◆ Work request
The answer should be the exact lines from the line containing "BIBS Round Boheme" through the last line of the material below, with no pictures.

◆ Data for analysis
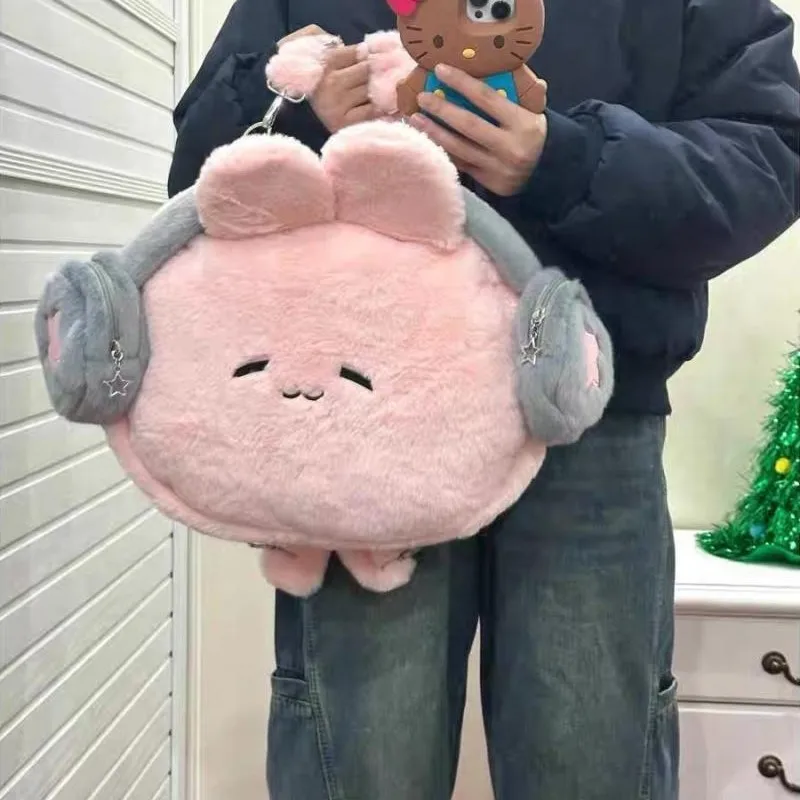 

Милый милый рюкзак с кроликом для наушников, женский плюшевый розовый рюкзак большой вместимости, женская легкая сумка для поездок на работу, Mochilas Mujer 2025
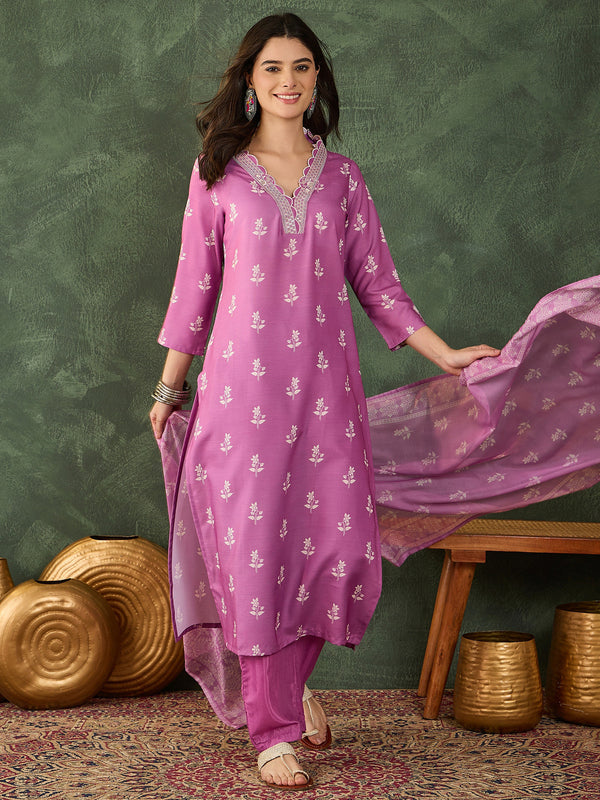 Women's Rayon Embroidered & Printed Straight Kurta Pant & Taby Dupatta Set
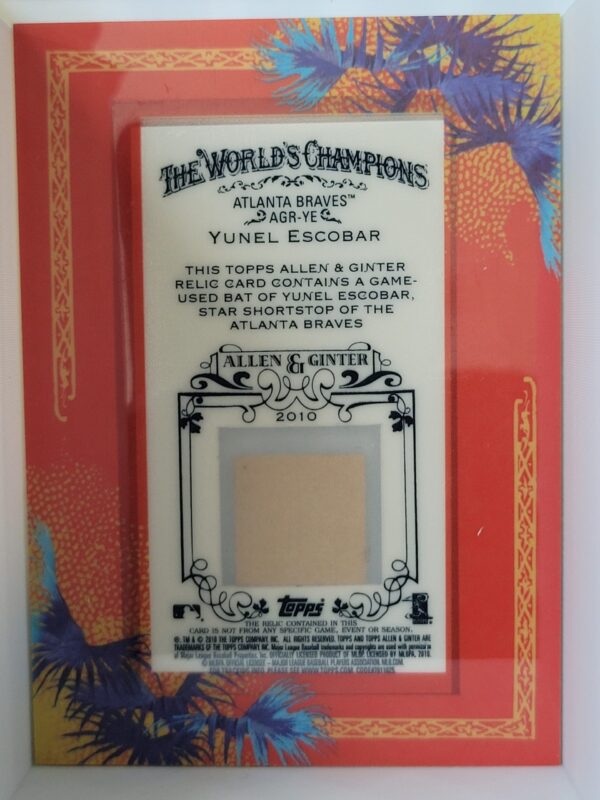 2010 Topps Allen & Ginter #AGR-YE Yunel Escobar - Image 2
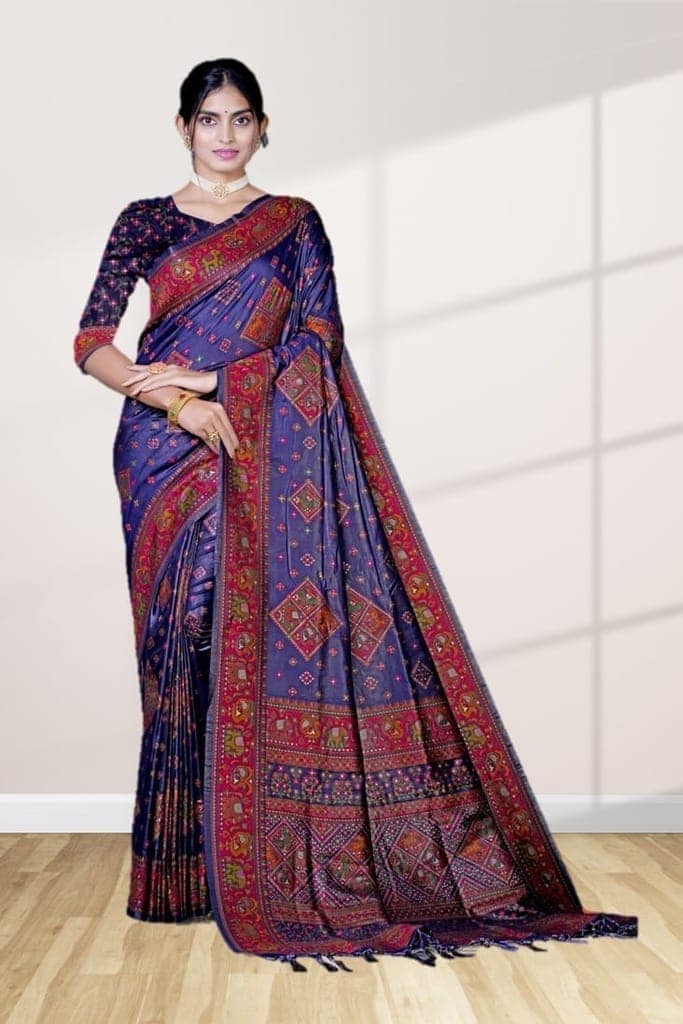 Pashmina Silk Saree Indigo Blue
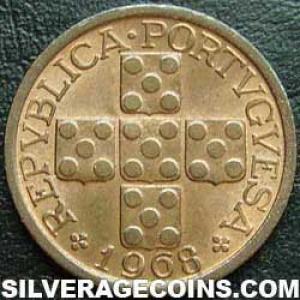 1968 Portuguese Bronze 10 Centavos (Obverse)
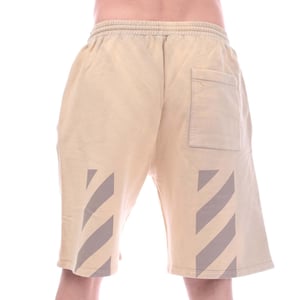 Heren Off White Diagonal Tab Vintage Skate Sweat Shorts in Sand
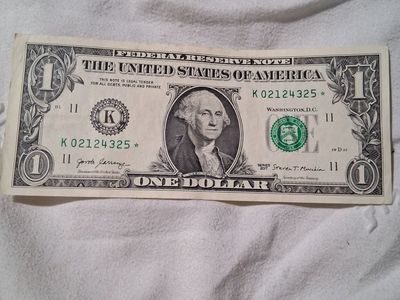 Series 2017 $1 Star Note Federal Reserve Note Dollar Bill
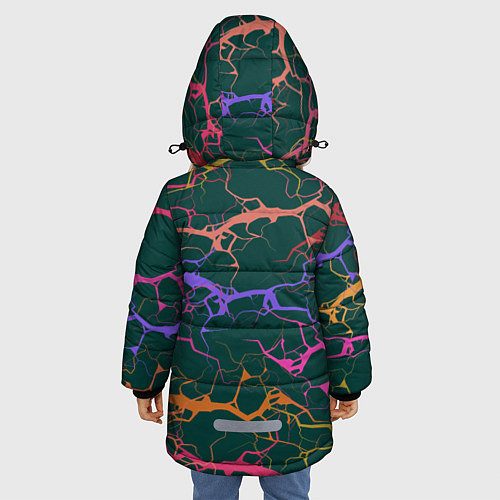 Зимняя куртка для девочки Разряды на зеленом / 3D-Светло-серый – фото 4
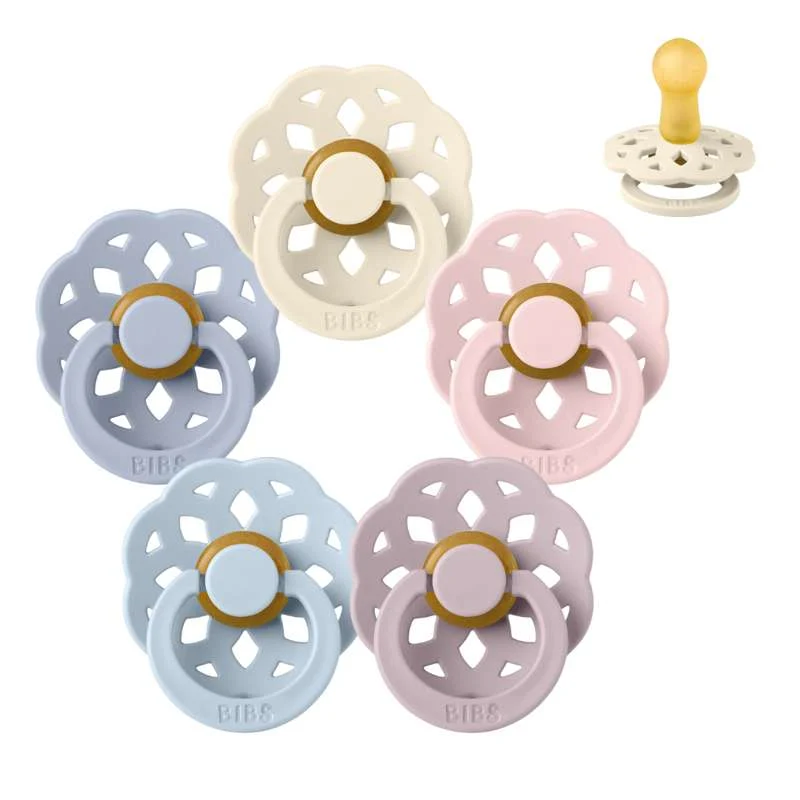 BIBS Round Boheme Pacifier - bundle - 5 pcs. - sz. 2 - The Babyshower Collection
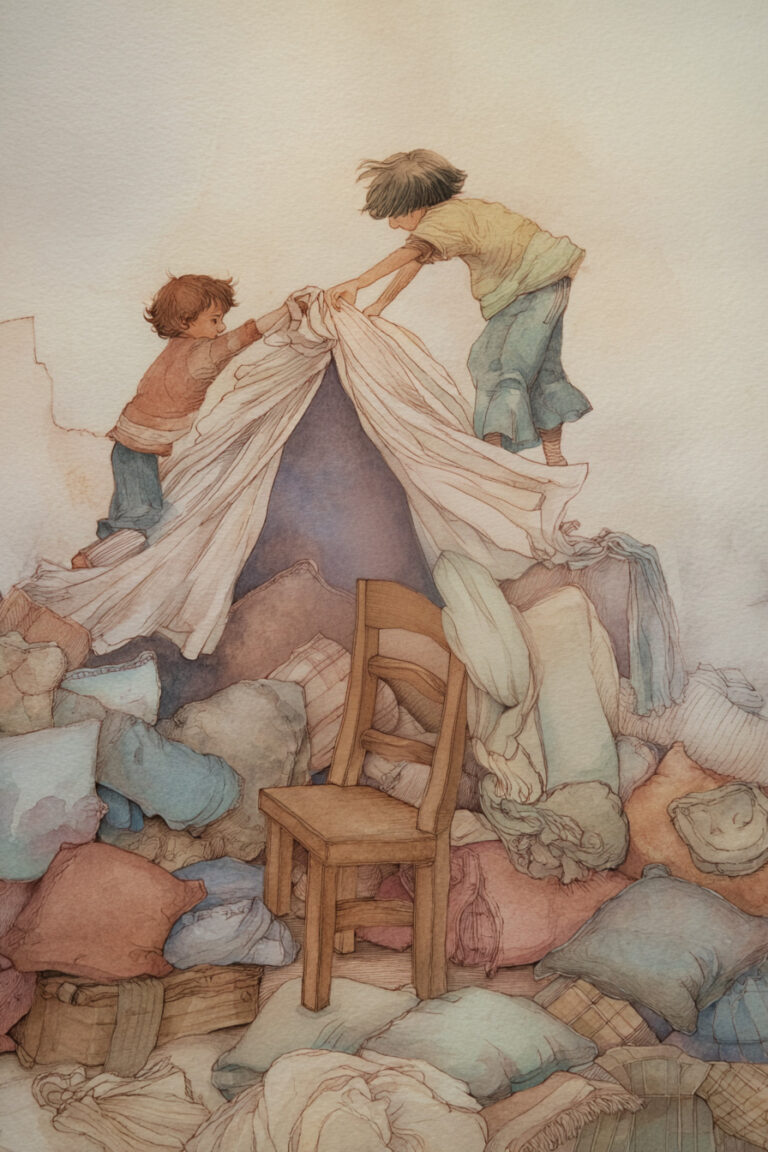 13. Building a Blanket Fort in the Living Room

◆ Task response
 BIBS Round Boheme Pacifier - bundle - 5 pcs. - sz. 2 - The Babyshower Collection
 13. Building a Blanket Fort in the Living Room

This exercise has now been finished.